The problem is that most of the time pfSense boot hangs on "Configuring VLAN interfaces..." for a very long time and then hangs on WAN as well and when it finally boots WAN doesn't work at all no matter what I try.
However, I noticed that occasionally it does work, when that happens, I see following line in OS boot logs right next to "Configuring VLAN interfaces...":
[fib_algo] inet.0 (bsearch4#20) rebuild_fd_flm: switching algo to radix4_lockless
When VLANs hang it doesn't show up until around the end of the boot or even after that.
Not sure what, but something seems broken. Anyone experienced anything like this before?
-
@nazar-pc I used to get errors like that a lot with my bare metal static block of IPs. I was able to create a VM for each Static IPv4 address and had it all working.
It eventually crashed but I think each VM may have needed a different localhost IP. Or I had dns errors.
Recently when getting radix lockless errors I would try forcing the routing algorithm to bnet(?) via a sysctl.
The Proxmox VM with public IPs was pretty neat and I wish I knew now what I did then. I was able to pause my virtual routers individually. BUT, don't recommend that. Maybe in the far future.
You may need to remove vlan1 off of your network entirely. And changing localhost IPs may not be a bad way to go the range is 127.0.0.1-127.255.255.255 but I cannot say if that is changeable in pfSense.
It is also possible that PCI hardware address and msix mapping are creating internal routing conflicts. Like, if your whitebox mobo has a built in WiFi chip or USB interfaces or a PS2 interface, everything is autodetected normally by the kernel.
You may want to set up firewall rules in the parent hypervisor too. Proxmox lets you segregate VMs.
-
@nazar-pc also maybe vlans on the wan should only be a type-2 hypervisor and you may need to tag the vlans in the hypervisor itself too. The number of virtual cores on the VM and how they are mapped to the NIC matter too.

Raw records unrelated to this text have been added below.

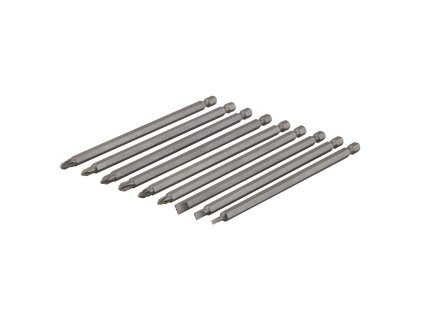 PZ & PH bit set 150 mm - 9 kom Silverline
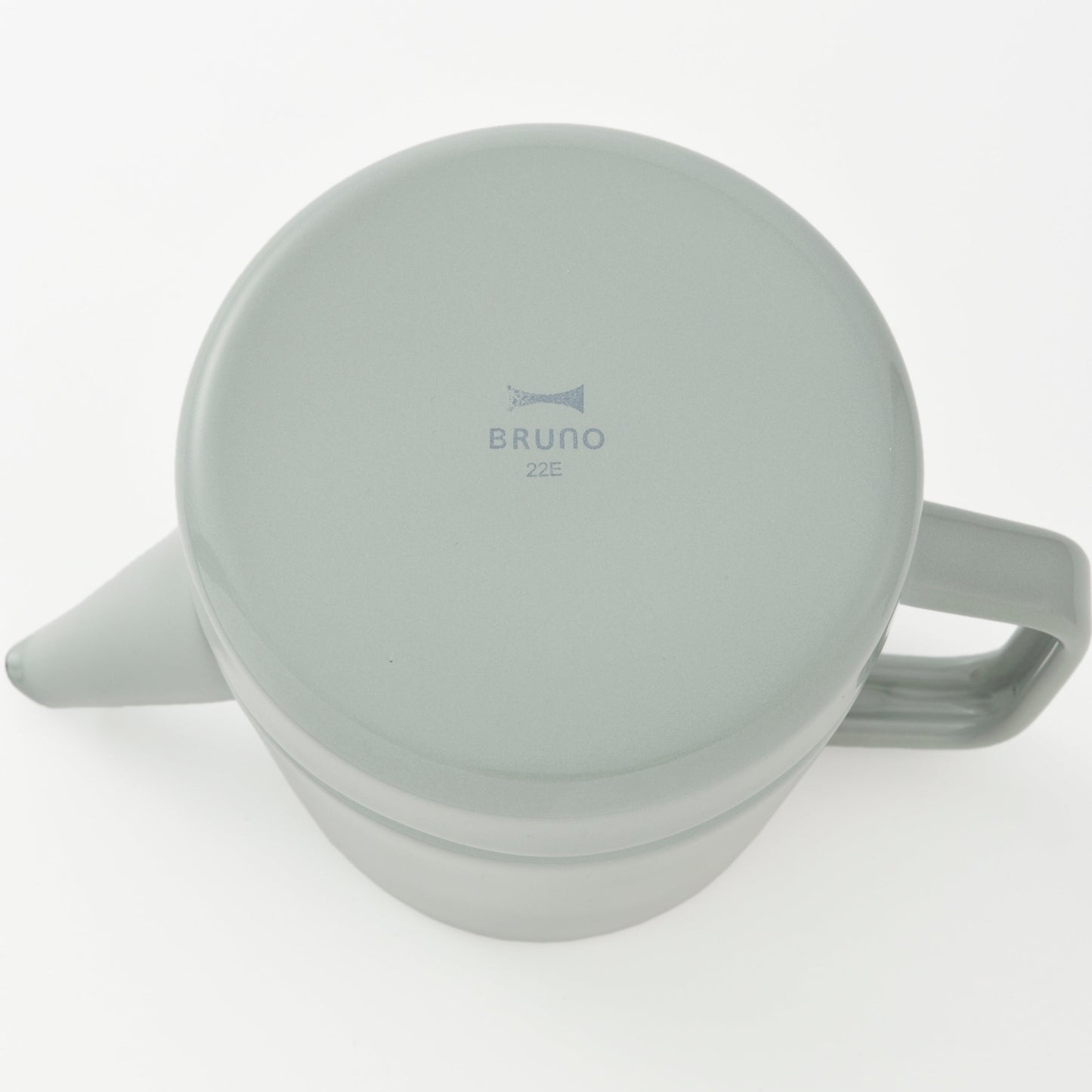 BRUNO x Fujihoro Enamel Kettle 1.6L - Blue Green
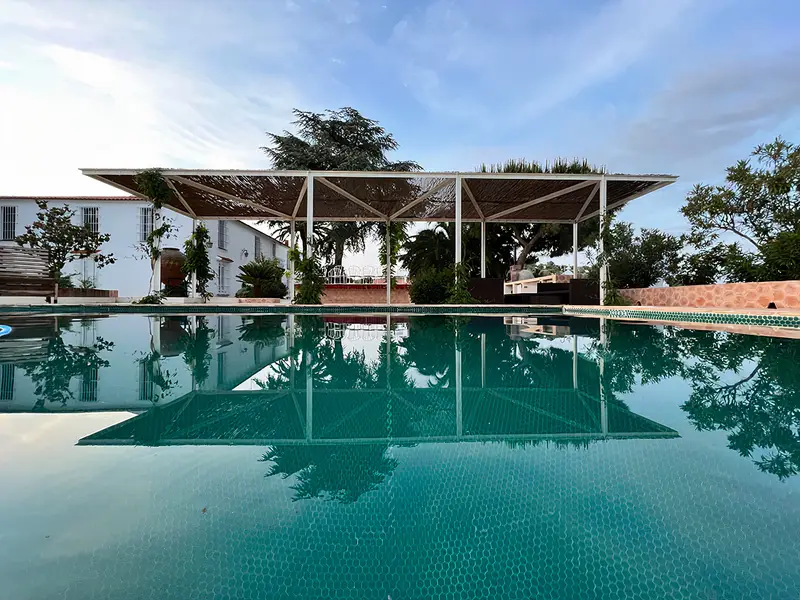 Casa Rural 9 Dormitorios Piscina Privada Cerca Sevilla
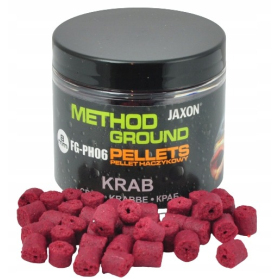 Pellets Haczykowy Method Ground Jaxon 8mm Krab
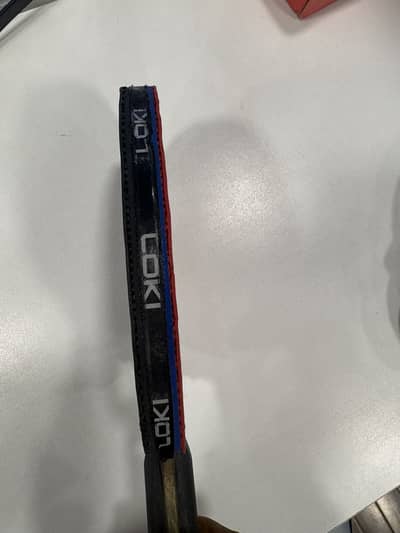 Loki 9 star table tennis racket Raxton 5 on both side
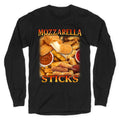 Mozzarella Sticks - Adult & Kids T-Shirts, Sweatshirts & Hoodies apparel design preview 1
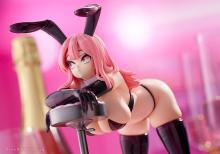 Kotobukiya Illustrator Original: Deceptive Rabbit Standing Bunny by Kafun, 1/7 Scale PVC Pre-painted Figure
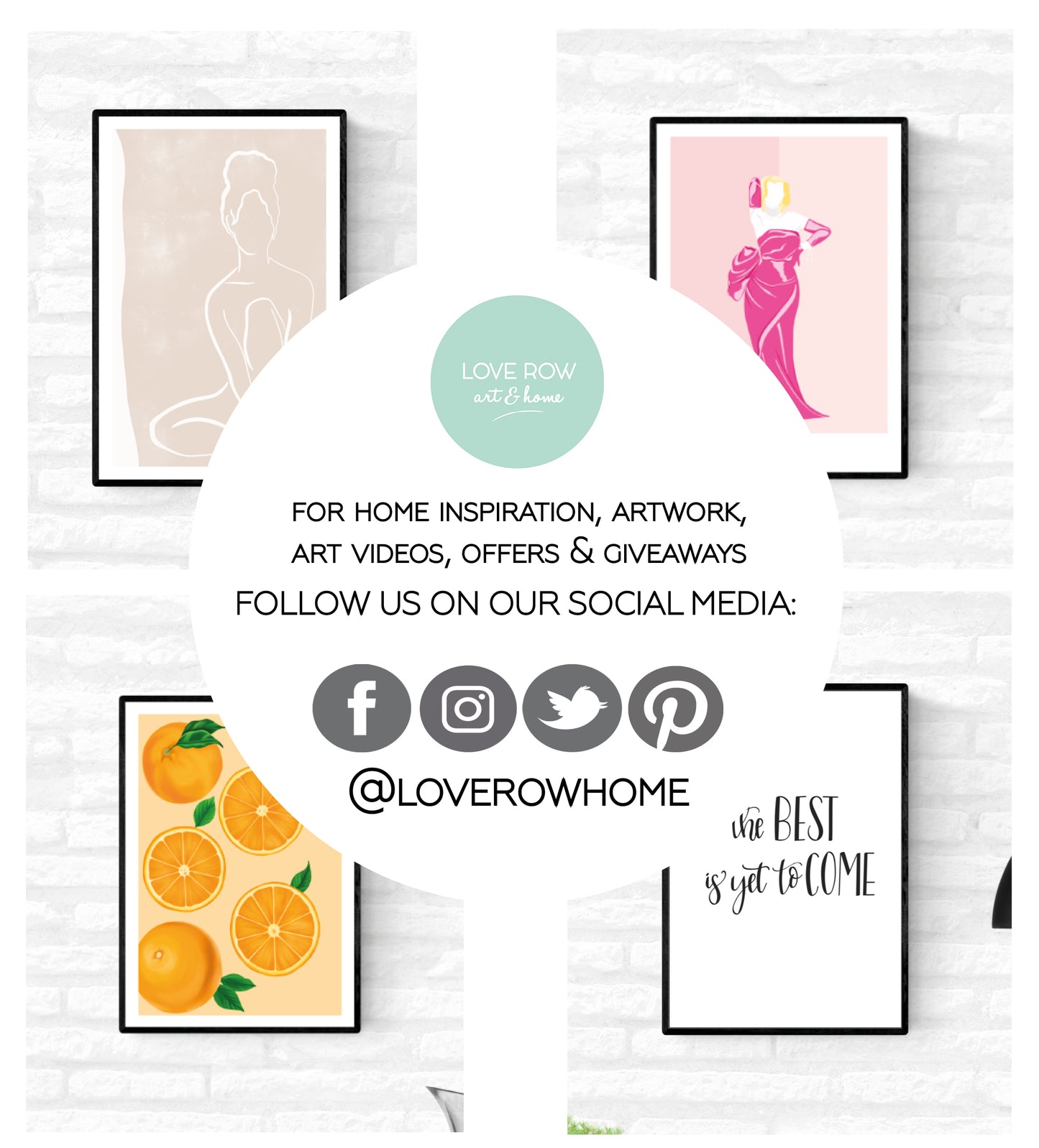 Eden Art Print Set • Wall Art Prints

https://forums.freebsd.org/threads/fib_algo-inet-0-bsearch4-20-rebuild_fd_flm-switching-algo-to-radix4_lockless.91474/
Also, if this helps. IOMMU groups get complicated.
https://pve.proxmox.com/wiki/PCI_Passthrough
-
@nazar-pc the VLANs KLD module has dependencies too, and, at least in OPNsense, you can delete it and have OPNsense kernel errors tell you what those dependencies are on reboot (I haven't tried that in pfSense)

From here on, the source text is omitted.